**Work task**
Gather all lines from the material that contain "video".

**Available records**
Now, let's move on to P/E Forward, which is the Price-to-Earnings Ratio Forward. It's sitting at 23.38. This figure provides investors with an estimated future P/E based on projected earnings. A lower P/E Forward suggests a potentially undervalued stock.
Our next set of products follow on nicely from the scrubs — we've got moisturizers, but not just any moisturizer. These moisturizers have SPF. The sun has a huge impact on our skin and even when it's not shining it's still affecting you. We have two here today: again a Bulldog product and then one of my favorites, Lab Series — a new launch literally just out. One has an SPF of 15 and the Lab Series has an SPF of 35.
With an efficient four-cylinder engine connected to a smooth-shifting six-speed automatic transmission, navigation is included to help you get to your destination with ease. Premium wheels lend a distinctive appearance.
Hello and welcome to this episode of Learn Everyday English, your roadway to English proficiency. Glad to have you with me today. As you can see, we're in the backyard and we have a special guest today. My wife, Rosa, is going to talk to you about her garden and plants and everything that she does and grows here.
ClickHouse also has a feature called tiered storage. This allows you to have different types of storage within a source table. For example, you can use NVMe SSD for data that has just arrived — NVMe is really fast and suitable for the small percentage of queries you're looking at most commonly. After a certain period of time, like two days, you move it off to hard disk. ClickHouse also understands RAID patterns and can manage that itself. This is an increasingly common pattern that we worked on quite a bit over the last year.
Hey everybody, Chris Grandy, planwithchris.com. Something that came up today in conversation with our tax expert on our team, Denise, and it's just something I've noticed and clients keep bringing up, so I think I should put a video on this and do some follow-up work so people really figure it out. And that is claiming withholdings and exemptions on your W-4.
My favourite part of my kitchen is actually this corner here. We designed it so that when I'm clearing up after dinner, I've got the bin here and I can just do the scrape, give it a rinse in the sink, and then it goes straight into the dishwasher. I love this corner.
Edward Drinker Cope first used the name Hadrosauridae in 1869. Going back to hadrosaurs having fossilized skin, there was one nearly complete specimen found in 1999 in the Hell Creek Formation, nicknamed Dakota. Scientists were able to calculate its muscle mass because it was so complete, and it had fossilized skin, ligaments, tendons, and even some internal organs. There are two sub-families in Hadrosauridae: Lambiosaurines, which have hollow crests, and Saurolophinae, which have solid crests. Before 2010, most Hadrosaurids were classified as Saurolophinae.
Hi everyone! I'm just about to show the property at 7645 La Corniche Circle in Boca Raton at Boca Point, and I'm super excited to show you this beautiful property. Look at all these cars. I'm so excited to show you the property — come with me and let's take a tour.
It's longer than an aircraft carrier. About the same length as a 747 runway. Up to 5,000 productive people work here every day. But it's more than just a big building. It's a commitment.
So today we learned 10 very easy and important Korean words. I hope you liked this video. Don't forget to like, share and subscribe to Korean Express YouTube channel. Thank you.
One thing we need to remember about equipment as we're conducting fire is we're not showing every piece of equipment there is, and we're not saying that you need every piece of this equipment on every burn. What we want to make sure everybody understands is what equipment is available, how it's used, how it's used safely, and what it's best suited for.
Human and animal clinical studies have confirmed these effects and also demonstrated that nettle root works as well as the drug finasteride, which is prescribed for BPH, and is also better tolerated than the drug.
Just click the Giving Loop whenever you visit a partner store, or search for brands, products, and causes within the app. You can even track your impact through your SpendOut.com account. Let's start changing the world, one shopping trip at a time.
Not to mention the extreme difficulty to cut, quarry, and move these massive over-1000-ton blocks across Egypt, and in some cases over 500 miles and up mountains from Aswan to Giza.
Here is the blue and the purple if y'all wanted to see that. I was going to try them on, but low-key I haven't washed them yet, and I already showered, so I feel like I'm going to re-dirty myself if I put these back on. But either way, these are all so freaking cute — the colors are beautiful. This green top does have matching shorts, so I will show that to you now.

**Written solution**
Hey everybody, Chris Grandy, planwithchris.com. Something that came up today in conversation with our tax expert on our team, Denise, and it's just something I've noticed and clients keep bringing up, so I think I should put a video on this and do some follow-up work so people really figure it out. And that is claiming withholdings and exemptions on your W-4.
So today we learned 10 very easy and important Korean words. I hope you liked this video. Don't forget to like, share and subscribe to Korean Express YouTube channel. Thank you.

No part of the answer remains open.